Lamping in the summer has to be one of the best parts of my project so far. I’m not a mad keen lamping enthusiast like some gamekeepers, but I do like the chance to look at the farm after dark when a different selection of birds and mammals takes to the stage. I’ve recently been very conscious of the need to lamp more intensively as chicks start to appear, and while it’s often a drag to head off onto the hill after a day’s work, the effort is alway repaid, even without bringing Charlie Fox to book.
Using the torch to sift through galaxies of sheep and lamb eyes, I occasionally stumble upon the thrilling hard spark of a fox. There really can be no mistaking that spine tingling flash when the lamp passes over a fox at any range, and the shape of the reflected eyelight has an unnatural effect on me. Looking through a ‘scope, a close range fox appears to trickle through the long grass, with delicate legs and feet buried in the deep grass. When he turns to look at you, his uncanny eyes blaze back the lamp light and obscure his entire head, leaving only the tips of his ears and the silver sheen of his throat and neck visible.
To fill the long walking gaps between foxes, snipe drum overhead as a fat moon hauls itself up over the Solway. By day, you can see more than forty miles in every direction from the top of the Chayne, but at night it is shimmering darkness. There is no orange light neon glow anywhere on the horizon; in fact, there no sign of civilization whatsoever. Here and there, a farm will sparkle an indoor light until eleven or twelve at night, then it will also be swamped and swallowed in the dark. By one or two o’clock in the morning, the whole world is black, and it’s a thrill to walk alone in the knowledge that the nearest human is more than three miles away.
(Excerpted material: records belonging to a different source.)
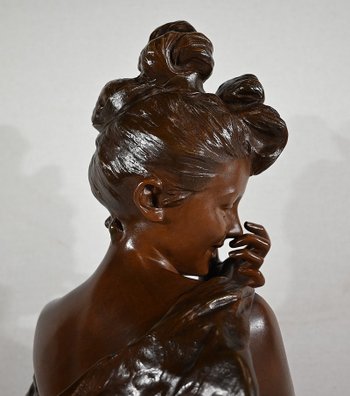 Bronzo "Giovane donna birichina" di G. Van Der Straeten, Art Nouveau - Fine XIX secolo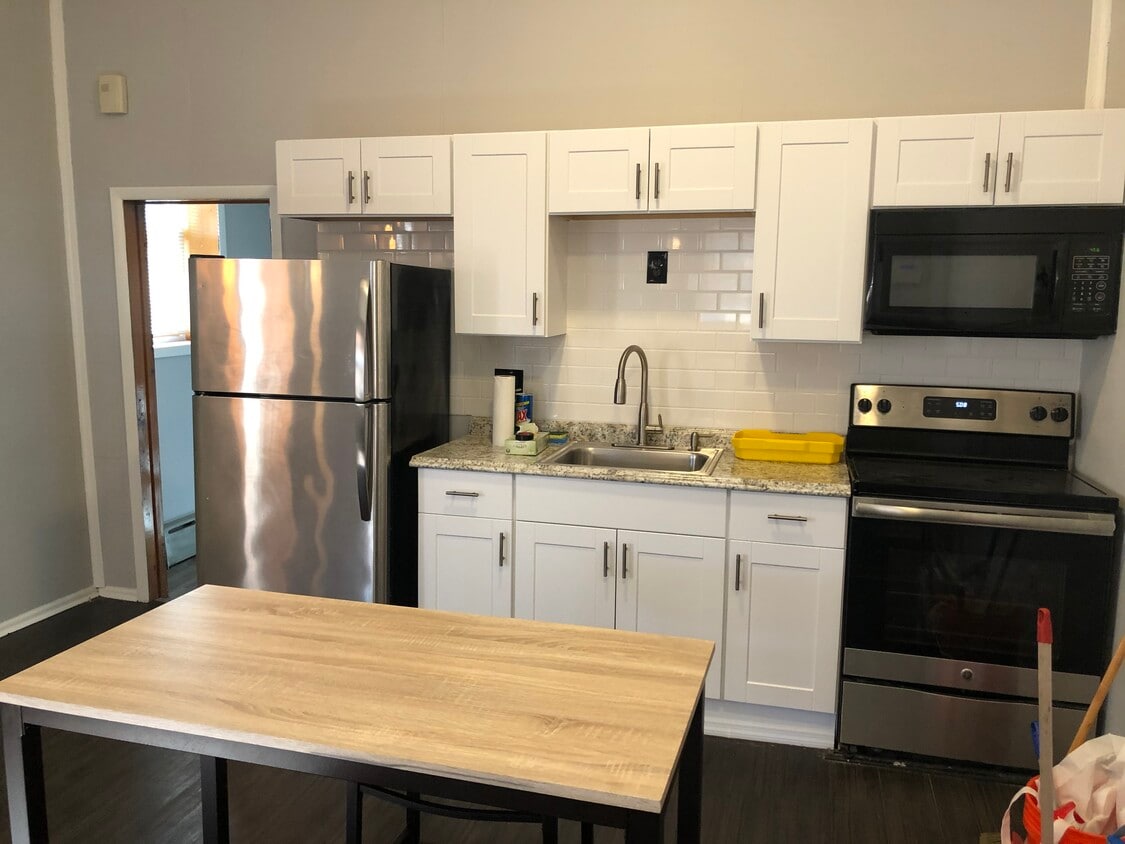 Photo - 2651 Reed St (Philadelphia, PA)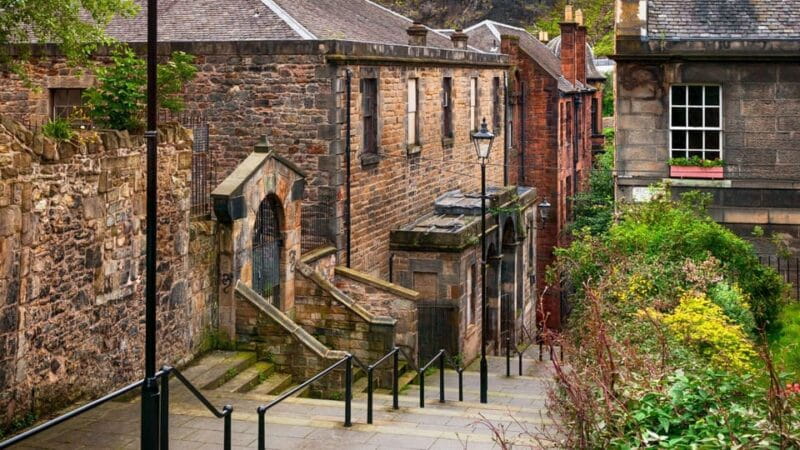 Best of Edinburgh: Private Walking Tour with a Local - Who Should Consider This Tour?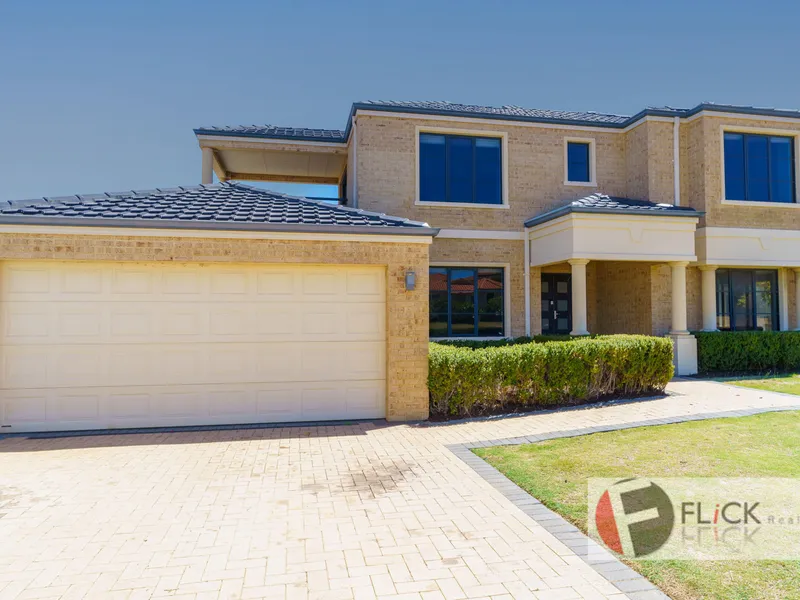 Welcome to your dream coastal retreat!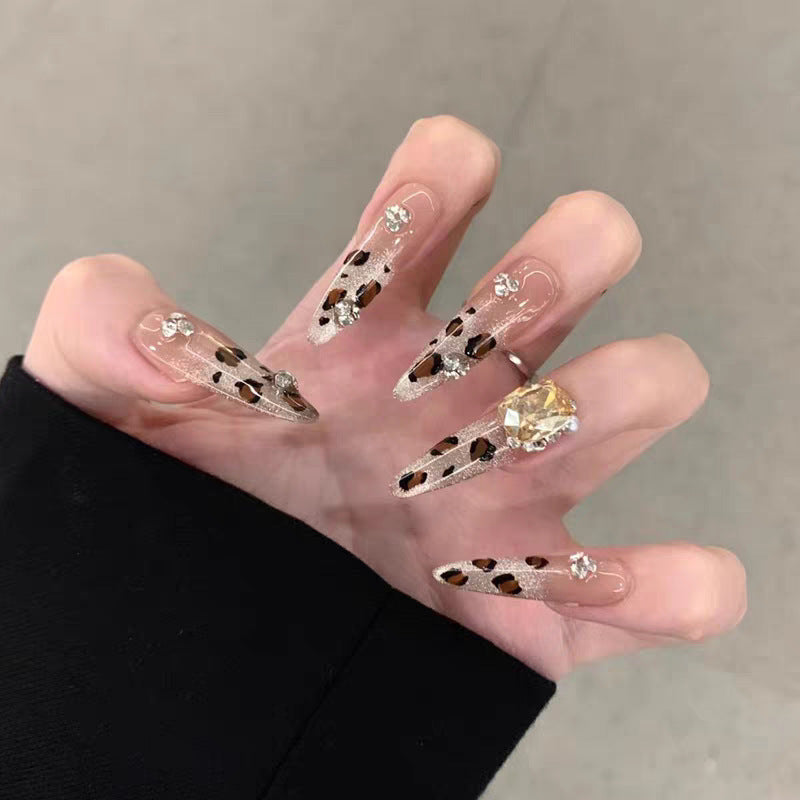 Artificial nails with glamorous glitter accents and leopard print Bowlift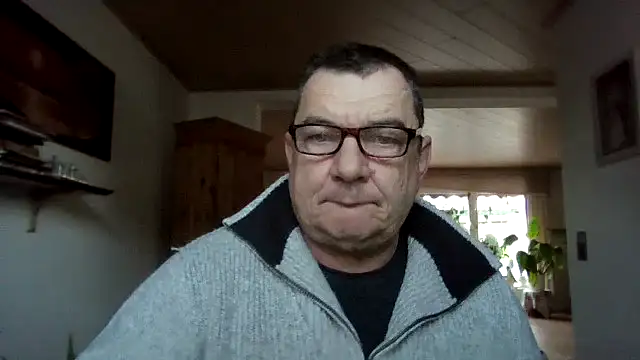 Nobbie444's Live XXX Chat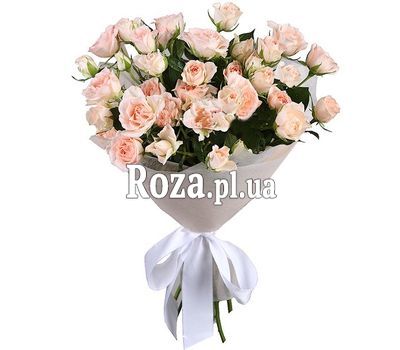 Мини букет из кустовых роз Мини букет из кустовых роз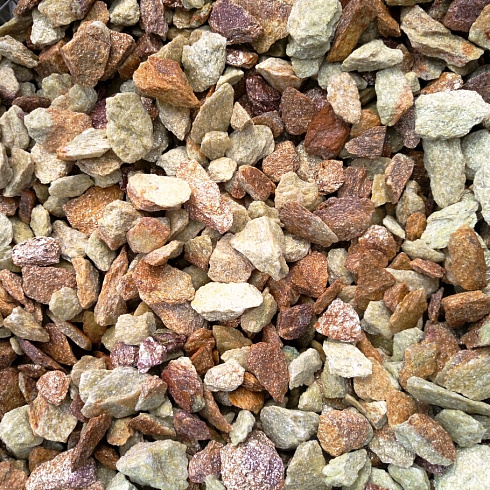 Kamenclub.ru: Щебень крошка желтый (ЗЛАТОЛИТ) фр. 5-10 мм.  купить в Новокузнецке мрамор золотистый, бежевый, желтый каменная ландшафтная декоративная крошка здатолита 8500 руб/т   фото КАМЕНЬ КЛУБ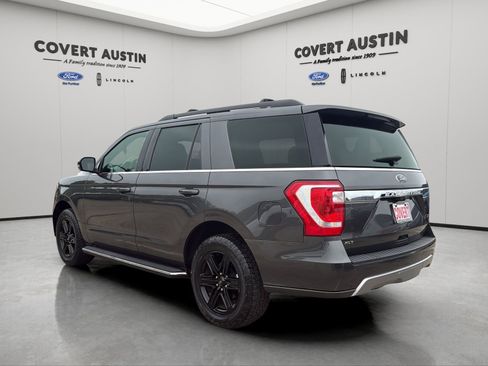 Used 2021 Ford Expedition XLT RWD image 3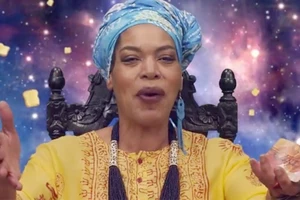 90&#8217;s TV Psychic &#8220;Miss Cleo&#8221; Dies at Age 53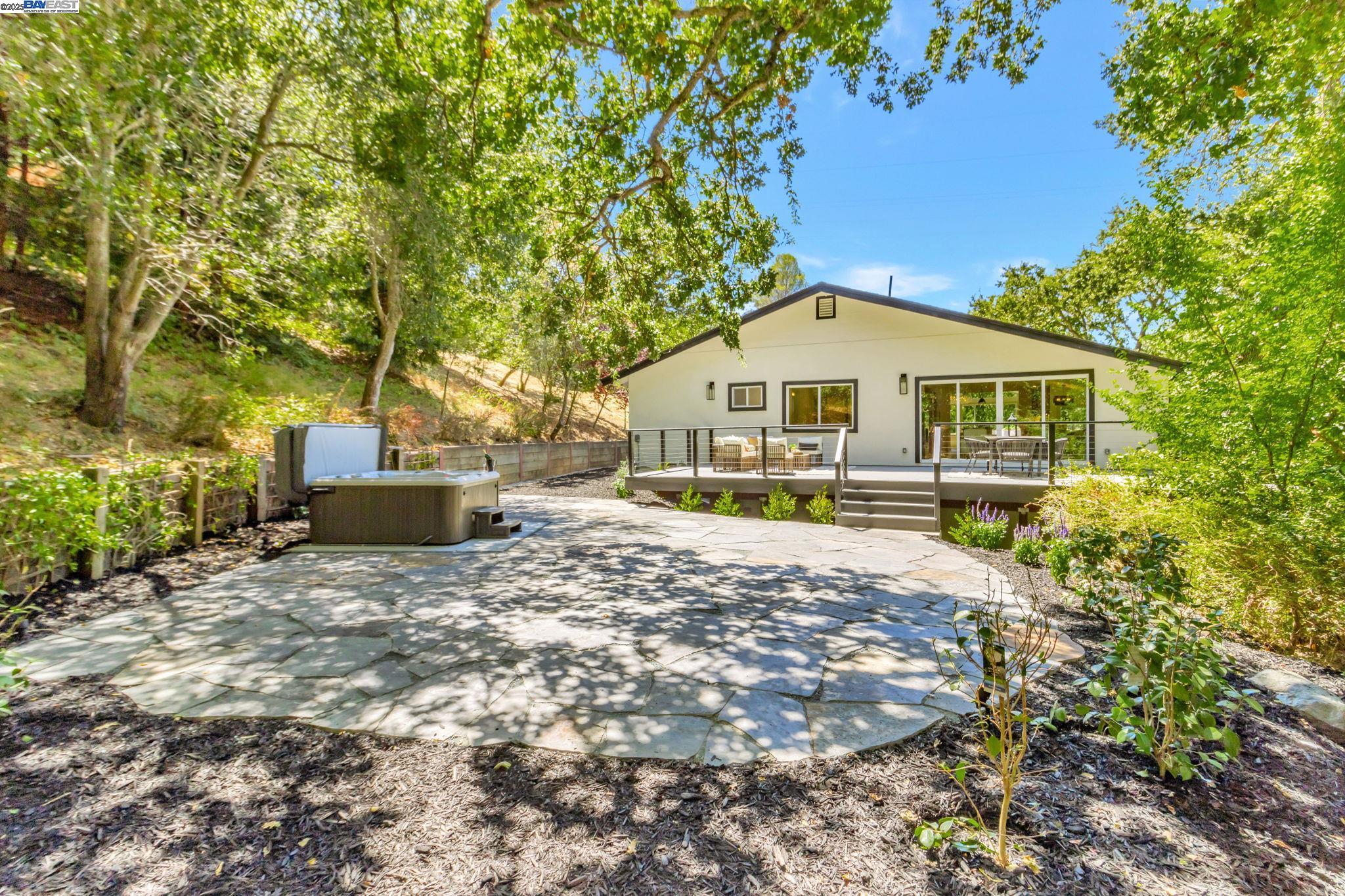Detail Gallery Image 40 of 60 For 15 Manzanita Terrace, Orinda,  CA 94563 - 5 Beds | 3/1 Baths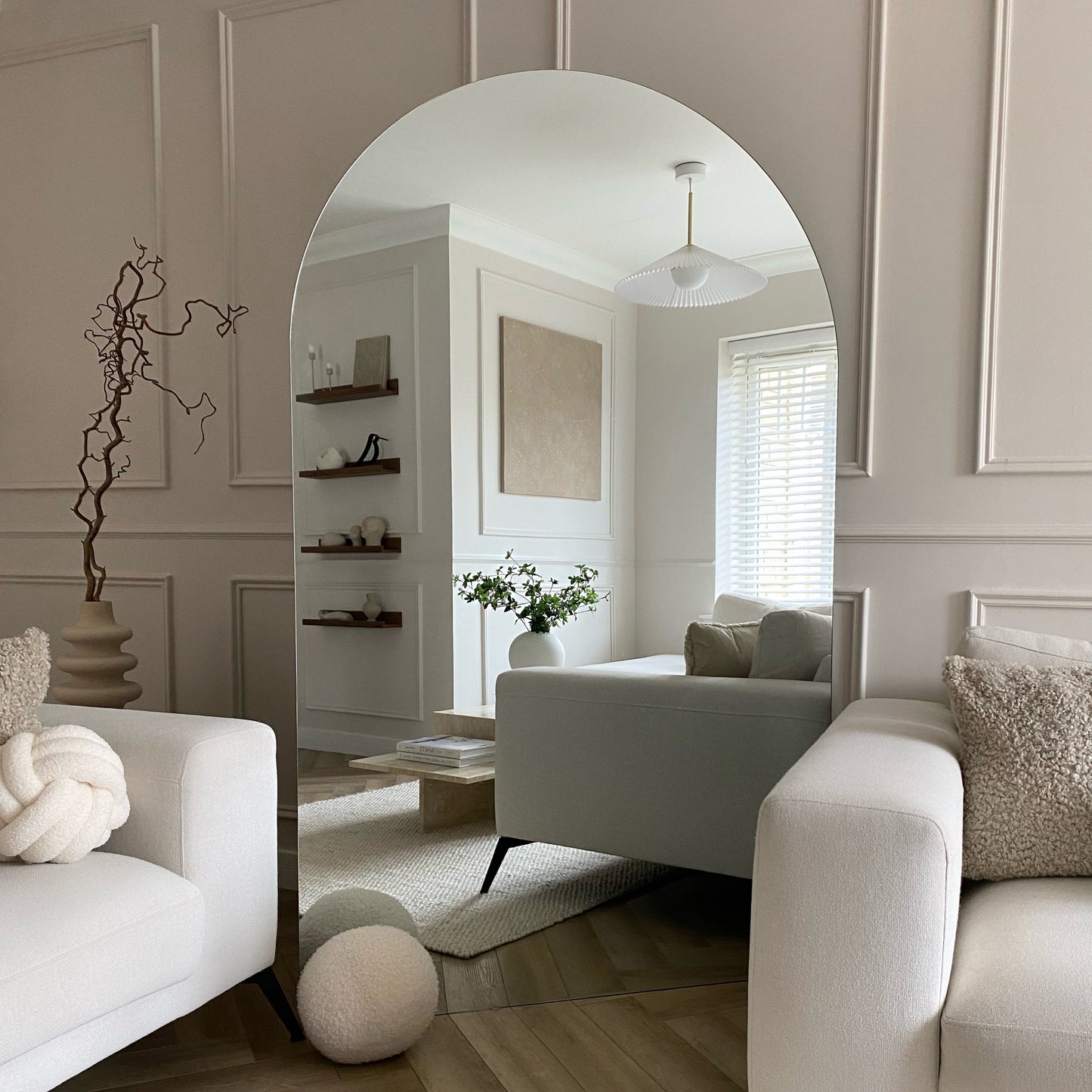 Edge - Specchio Grande ad Arco Senza Cornice a Figura Intera 179cm x 110cm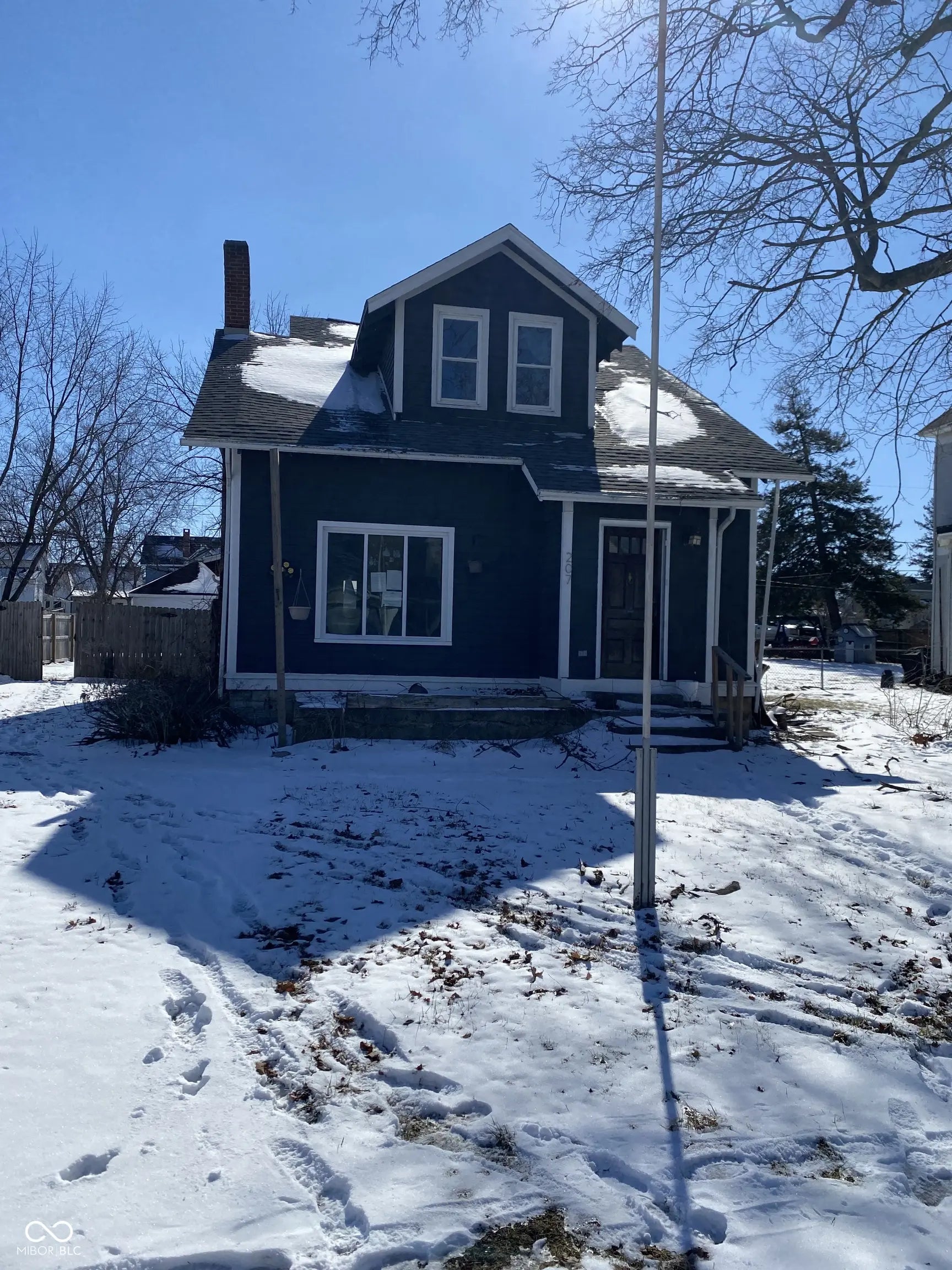 Photo of 207 E Broadway Street Alexandria, IN 46001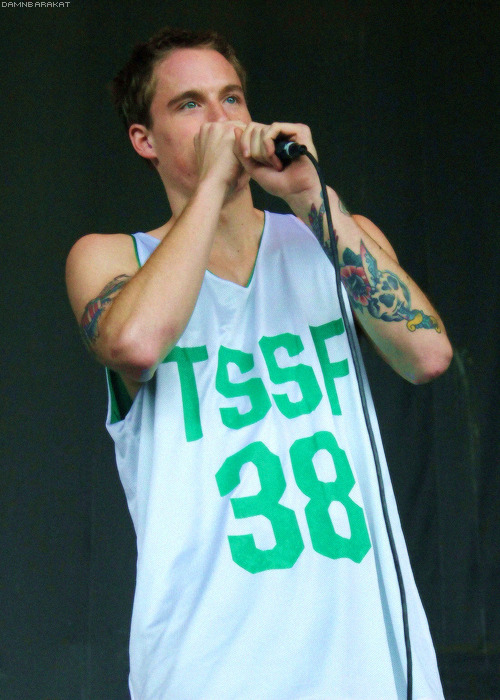 damnbarakat-deactivated20140408:  x 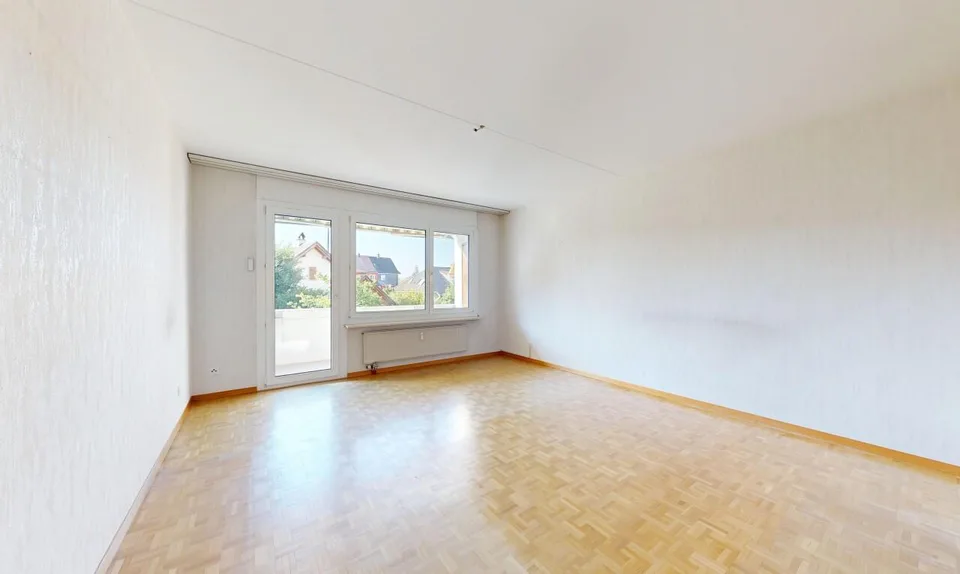 Praktische 4-Zimmerwohnung mit grossem Balkon im Längi-Quartier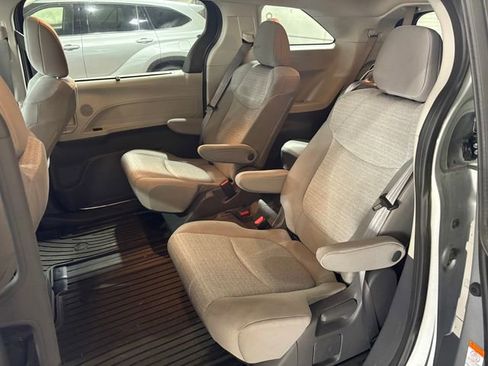 Used 2021 Toyota Sienna LE image 22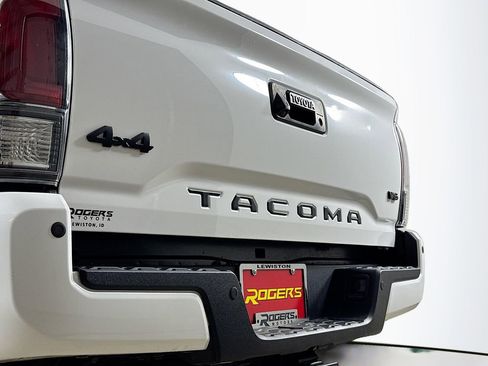 Certified 2023 Toyota Tacoma Limited w/ Black Out Package (TMS) image 28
Barn owls tack back and forth above the rising grasses while the faint and half heard buzz of a nightjar oozes ambiguously up from the forest below. All the while, bats flicker impatiently overhead, and the swollen moss exhales underfoot.
Maybe the reason that I am not very good at lamping is because I’m thinking about so many other things when I carry my rifle onto the moor on a summer’s evening.